Di samping itu, bank-bank umum Syariah juga memiliki fasilitas digital banking menggunakan mobile banking apps dengan fitur yang canggih yang bisa digunakan untuk transfer online, pembayaran tagihan bahkan untuk berinfak. Bank Syariah Mandiri misalnya dalam dua tahun terakhir sudah memiliki pengguna aktif hampir 2 juta nasabah. Sementara bank Syariah yang masih dalam Unit Usaha Syariah, seperti Maybank Syariah, BCA Syariah, Bank Permata Syariah, dan lain-lain bisa menggunakan fasilitas digital banking yang dimiliki perusahaan induk konvensional dengan biaya yang sama. Selanjutnya, anggapan bahwa Bank syariah mahal, juga tidak beralasan. Ini karena bank Syariah punya banyak produk dan bahkan sebagiannya lebih murah dari konvensional. Sangat disadari bahwa lembaga keuangan saling bersaing, karena itu, perbankan Syariah menghadapi ini dengan cara menurunkan berbagai kos dan meningkatkan efisiensi agar tidak kalah dengan konvensional.
Kekhawatiran para pengusaha bahwa Bank Syariah tidak mampu membiayai pembiayaan besar juga tidak ada dasarnya.
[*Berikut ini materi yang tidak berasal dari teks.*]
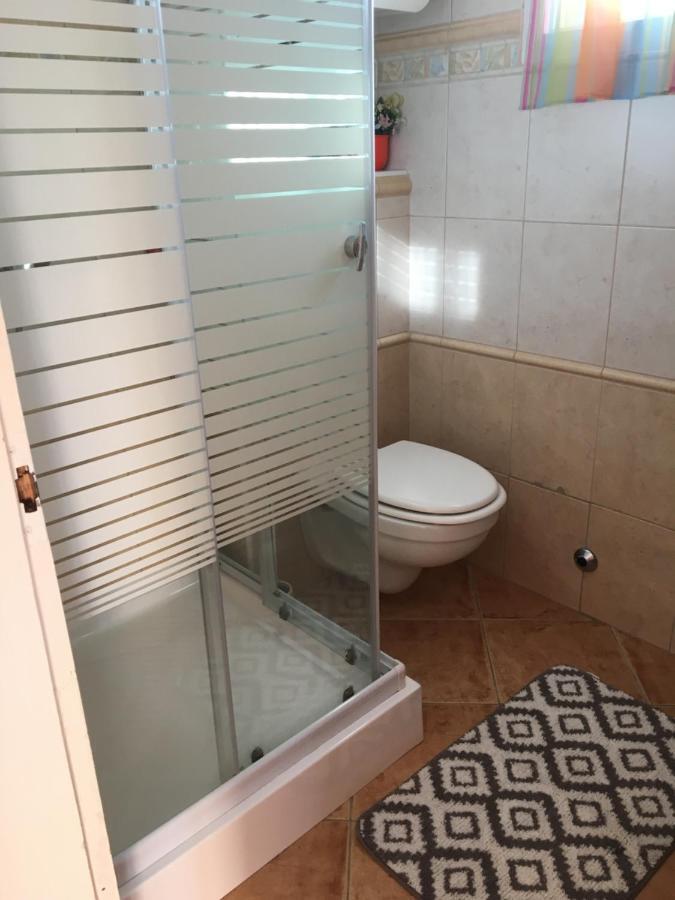 Pesti Apartmanhaz Бік Екстер'єр фото
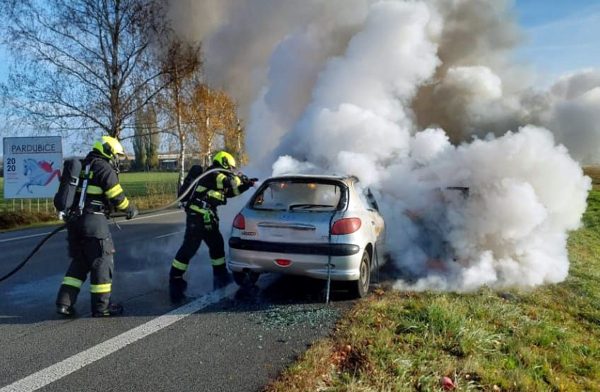 Požár auta u obce Staré Čívice. Foto: HZS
Bank-bank Syariah, sudah terlibat aktif membiayai proyek-proyek besar APBN yang jumlahnya triliunan rupiah seperti pembangunan jalan tol, bandara, pelabuhan, dan lain-lain. Di samping itu, sindikasi pembiayaan beberapa bank Syariah dalam sebuah proyek besar juga bisa dilakukan.
Untuk kemampuan modal, dua bank Syariah, yaitu Bank BNI Syariah dan Bank Syariah Mandiri sudah masuk Buku 3 dan sudah menjadi Bank Devisa sehingga nasabah dapat bertransaksi luar negeri untuk fasilitas LC dan valas. Kalau rencana pemerintah Indonesia untuk melakukan merger bank-bank BUMN Syariah pada Februari 2021 terlaksana, tentu akan menjadikan kekuatan Bank Syariah semakin besar.